* [Recorded information]
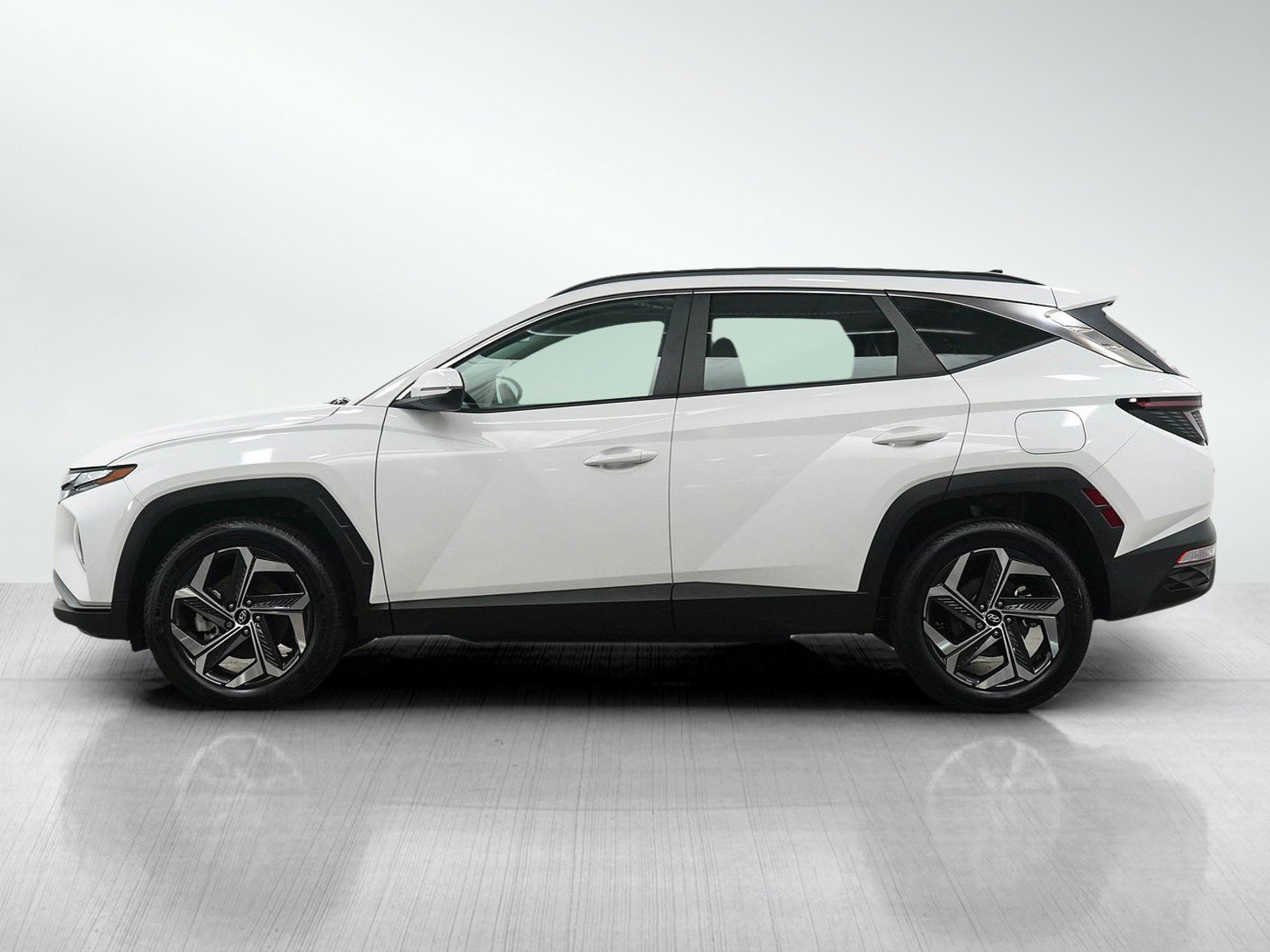 Used 2024 Hyundai Tucson SEL w/ Convenience Package AWD/4WD image 2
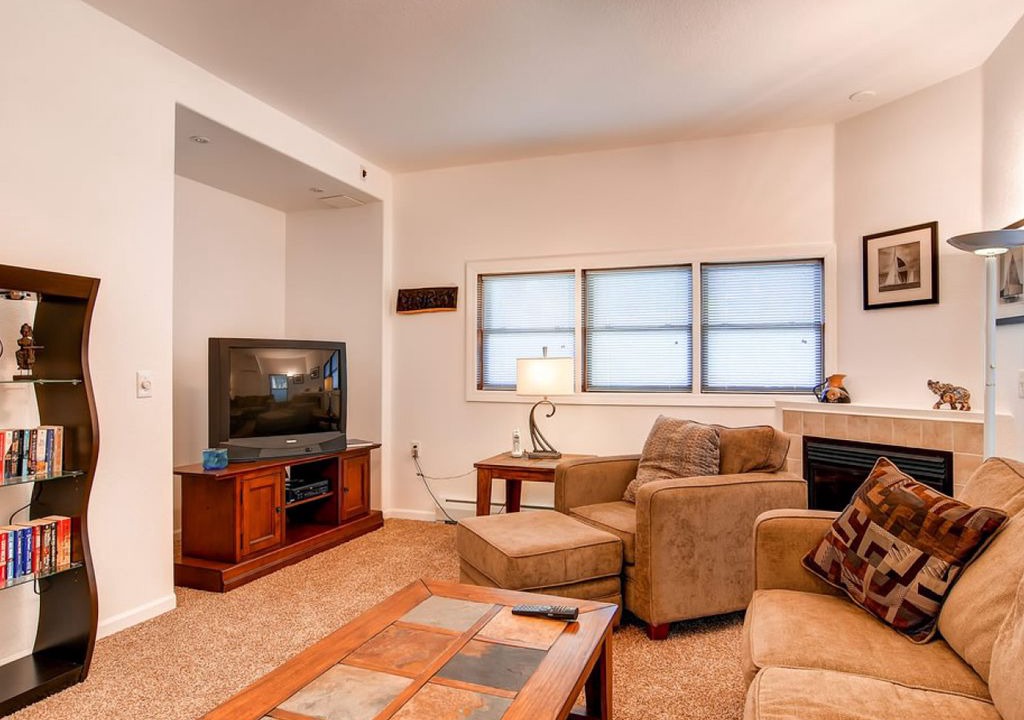 Photo of Livingroom in Warrior's Mark West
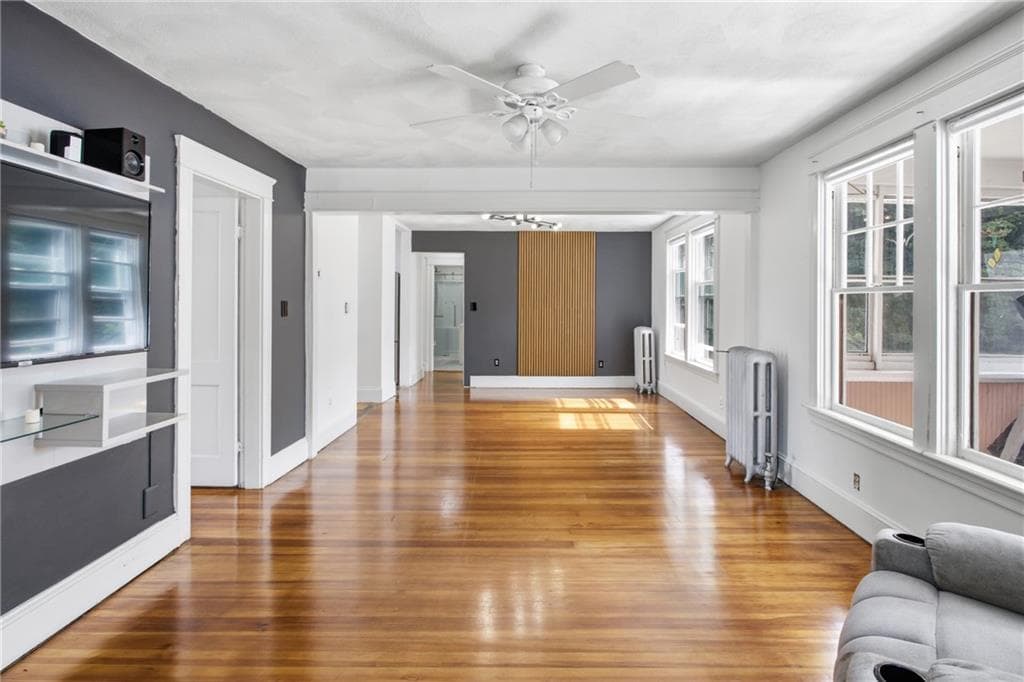 43 Sunset Avenue photo 5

* [Your assignment] The answer is the full listing above, repeated exactly, with its pictures removed.

* [Worked solution]
 Used 2024 Hyundai Tucson SEL w/ Convenience Package AWD/4WD image 2
 Photo of Livingroom in Warrior's Mark West
 43 Sunset Avenue photo 5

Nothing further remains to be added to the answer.